Suchan Kinoshita s’adresse tant au performer attendu qu’au regardeur potentiel. Je repense à Jacques Rancière qui, dans l’Emancipation du Spectateur, écrit : « Il y a partout des points de départ, des croisements et des nœuds qui nous permettent d’apprendre quelque chose de neuf si nous récusons premièrement la distance radicale, deuxièmement la distribution des rôles, troisièmement les frontières entre les territoires ». C’est bien là que réside la position de Suchan Kinoshita. « Ce que nos performances vérifient, écrit également Rancière, – qu’il s’agisse d’enseigner ou de jouer, de parler, d’écrire, de faire de l’art ou de le regarder,  n’est pas notre participation à un pouvoir incarné dans la communauté. C’est la capacité des anonymes, la capacité qui fait chacun(e) égal(e) à tout(e) autre. ». Au-delà même de l’imagination que chacun développera en toute autonomie.

J’ai vu, lors du vernissage de l’exposition un jeune performer, Simon Brus, s’emparer d’un objet cruciforme d’abord, d’une chaise ensuite.
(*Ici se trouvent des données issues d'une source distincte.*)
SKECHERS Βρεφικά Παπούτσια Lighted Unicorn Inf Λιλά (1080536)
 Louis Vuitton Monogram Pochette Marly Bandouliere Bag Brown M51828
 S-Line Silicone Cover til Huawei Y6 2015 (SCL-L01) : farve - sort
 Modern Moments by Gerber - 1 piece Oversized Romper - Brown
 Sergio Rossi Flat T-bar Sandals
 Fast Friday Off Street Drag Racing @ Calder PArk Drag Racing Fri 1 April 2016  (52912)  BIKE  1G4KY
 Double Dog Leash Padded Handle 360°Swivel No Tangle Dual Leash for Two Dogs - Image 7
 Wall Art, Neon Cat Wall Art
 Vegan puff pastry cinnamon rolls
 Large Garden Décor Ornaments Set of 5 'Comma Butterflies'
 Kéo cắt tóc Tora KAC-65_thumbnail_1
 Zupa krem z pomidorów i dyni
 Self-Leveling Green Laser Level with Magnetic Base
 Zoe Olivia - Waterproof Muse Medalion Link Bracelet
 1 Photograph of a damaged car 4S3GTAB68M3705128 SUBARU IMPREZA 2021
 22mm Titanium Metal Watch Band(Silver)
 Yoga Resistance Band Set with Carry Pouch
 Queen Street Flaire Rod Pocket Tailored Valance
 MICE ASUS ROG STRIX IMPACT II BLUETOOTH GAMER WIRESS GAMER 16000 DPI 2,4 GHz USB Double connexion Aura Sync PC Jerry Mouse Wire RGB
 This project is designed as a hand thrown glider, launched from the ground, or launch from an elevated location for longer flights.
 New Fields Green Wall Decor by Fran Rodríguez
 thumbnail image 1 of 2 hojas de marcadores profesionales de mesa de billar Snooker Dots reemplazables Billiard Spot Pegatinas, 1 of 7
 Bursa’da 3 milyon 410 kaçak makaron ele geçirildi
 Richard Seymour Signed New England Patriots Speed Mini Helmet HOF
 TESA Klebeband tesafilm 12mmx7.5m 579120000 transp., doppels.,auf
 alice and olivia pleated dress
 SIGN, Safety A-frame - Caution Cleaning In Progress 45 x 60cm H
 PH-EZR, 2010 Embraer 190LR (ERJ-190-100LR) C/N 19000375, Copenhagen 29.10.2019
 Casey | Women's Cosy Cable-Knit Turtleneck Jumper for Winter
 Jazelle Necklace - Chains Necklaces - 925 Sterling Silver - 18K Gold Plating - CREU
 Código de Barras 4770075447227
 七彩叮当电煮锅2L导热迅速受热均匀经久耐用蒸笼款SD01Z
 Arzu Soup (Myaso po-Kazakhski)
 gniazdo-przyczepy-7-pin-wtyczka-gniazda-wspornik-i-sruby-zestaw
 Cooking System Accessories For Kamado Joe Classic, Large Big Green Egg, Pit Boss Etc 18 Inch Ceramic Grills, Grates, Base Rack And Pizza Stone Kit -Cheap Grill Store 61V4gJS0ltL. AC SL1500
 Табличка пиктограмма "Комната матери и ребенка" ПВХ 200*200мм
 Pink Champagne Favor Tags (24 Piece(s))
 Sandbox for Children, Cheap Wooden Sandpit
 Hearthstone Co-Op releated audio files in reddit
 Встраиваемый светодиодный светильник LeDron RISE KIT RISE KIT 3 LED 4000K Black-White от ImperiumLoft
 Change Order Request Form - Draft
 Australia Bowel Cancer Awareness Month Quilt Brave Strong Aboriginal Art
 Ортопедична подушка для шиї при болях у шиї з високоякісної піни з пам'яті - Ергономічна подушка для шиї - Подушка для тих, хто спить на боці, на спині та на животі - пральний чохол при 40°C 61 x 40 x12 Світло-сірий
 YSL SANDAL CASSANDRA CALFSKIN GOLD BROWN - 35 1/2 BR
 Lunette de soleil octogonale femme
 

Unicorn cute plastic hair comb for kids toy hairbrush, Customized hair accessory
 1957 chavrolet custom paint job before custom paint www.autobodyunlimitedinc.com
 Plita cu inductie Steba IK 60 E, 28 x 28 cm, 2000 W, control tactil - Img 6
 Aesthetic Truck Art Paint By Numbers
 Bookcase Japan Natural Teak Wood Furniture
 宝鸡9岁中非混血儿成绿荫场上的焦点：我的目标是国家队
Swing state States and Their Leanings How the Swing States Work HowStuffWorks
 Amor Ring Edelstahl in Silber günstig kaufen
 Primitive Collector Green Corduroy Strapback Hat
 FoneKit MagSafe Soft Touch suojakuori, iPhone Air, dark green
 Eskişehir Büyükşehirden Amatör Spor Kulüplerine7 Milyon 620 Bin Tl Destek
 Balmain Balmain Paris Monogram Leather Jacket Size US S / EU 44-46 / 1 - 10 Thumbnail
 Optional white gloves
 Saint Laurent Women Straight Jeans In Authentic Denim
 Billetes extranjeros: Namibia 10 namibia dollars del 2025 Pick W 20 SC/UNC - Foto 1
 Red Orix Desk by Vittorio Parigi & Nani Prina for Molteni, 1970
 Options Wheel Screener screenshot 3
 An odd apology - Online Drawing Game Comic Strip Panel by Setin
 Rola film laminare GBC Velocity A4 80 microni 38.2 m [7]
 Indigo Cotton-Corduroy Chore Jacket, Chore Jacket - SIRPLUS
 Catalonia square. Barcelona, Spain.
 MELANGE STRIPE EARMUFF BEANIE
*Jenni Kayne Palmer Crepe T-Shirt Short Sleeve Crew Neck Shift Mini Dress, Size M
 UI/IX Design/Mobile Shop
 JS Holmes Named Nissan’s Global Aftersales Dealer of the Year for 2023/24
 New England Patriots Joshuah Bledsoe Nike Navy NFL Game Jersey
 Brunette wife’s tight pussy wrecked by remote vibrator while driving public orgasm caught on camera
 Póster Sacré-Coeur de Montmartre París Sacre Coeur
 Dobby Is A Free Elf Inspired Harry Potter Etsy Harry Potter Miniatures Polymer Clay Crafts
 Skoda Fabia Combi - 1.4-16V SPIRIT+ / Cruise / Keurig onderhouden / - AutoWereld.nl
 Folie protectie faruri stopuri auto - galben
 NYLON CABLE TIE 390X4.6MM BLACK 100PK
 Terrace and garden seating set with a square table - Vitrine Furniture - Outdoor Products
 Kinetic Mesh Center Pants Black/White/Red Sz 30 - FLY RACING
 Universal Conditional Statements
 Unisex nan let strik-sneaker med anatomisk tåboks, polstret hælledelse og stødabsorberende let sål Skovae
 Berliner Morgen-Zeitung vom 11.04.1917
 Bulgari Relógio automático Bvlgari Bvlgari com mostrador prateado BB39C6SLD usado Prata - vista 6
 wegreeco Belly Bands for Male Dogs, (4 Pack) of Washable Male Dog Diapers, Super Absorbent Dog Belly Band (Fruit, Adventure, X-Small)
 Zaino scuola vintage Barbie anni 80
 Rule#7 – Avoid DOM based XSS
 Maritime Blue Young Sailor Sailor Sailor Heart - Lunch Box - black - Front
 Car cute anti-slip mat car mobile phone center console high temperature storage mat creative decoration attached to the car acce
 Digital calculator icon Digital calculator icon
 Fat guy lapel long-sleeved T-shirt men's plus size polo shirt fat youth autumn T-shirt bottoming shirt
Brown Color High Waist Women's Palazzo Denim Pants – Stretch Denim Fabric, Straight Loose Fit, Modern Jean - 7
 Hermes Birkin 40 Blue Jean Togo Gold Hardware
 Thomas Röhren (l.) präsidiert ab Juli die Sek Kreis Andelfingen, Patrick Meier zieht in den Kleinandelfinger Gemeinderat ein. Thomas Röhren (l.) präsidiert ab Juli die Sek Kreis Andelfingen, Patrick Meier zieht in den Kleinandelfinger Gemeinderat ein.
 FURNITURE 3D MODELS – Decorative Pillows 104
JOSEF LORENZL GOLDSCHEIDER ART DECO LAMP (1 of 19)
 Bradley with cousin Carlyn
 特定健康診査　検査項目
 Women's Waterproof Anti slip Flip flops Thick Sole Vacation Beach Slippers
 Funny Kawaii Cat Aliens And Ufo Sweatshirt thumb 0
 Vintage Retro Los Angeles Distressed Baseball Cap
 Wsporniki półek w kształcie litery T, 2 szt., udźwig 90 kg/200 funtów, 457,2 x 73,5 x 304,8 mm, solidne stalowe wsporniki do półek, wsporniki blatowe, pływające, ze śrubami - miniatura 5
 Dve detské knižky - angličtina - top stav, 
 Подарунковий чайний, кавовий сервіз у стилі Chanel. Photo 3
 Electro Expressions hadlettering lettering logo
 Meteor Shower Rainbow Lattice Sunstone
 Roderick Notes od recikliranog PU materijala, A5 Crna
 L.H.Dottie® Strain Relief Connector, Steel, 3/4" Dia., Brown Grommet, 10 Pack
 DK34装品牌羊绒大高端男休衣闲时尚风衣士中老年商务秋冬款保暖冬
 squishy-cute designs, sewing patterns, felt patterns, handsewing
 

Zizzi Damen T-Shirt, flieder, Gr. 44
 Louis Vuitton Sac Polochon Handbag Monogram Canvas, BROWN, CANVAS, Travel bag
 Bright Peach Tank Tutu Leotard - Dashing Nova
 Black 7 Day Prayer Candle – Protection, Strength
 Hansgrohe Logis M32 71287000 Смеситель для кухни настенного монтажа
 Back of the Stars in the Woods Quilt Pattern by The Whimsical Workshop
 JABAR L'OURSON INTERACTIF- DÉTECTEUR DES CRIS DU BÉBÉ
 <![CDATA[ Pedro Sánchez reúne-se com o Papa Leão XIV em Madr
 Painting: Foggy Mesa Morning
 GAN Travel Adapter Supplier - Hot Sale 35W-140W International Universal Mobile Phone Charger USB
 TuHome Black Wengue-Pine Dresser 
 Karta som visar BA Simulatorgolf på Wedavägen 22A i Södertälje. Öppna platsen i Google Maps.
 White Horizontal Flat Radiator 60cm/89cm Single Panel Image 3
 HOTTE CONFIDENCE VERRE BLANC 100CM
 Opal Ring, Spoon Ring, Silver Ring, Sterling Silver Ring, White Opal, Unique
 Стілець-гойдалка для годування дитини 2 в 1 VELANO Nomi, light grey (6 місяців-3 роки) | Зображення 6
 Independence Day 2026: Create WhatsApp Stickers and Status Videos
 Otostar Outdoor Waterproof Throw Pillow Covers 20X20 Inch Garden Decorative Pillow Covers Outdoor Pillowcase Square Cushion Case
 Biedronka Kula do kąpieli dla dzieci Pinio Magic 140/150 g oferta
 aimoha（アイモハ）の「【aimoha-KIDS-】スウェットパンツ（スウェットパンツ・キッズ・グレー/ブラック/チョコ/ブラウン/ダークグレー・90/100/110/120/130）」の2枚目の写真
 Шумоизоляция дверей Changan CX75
La chorégraphie qu’il improvisa sur l’étroite scène du « Suchkino » fut longue et singulière, intérieure, comme une conscience du corps, tantôt arrêté, tantôt en mouvement. Sortant de l’auditorium, j’ai découvert deux écrans. De petites caméras de surveillance sont fixées sur certains pilotis. Elles enregistrent et diffusent dans les sas de l’auditorium des fragments de temps et d’espace du « Suchkino ». Sur les écrans, apparaissent des images saccadées qui sont déjà une autre réalité.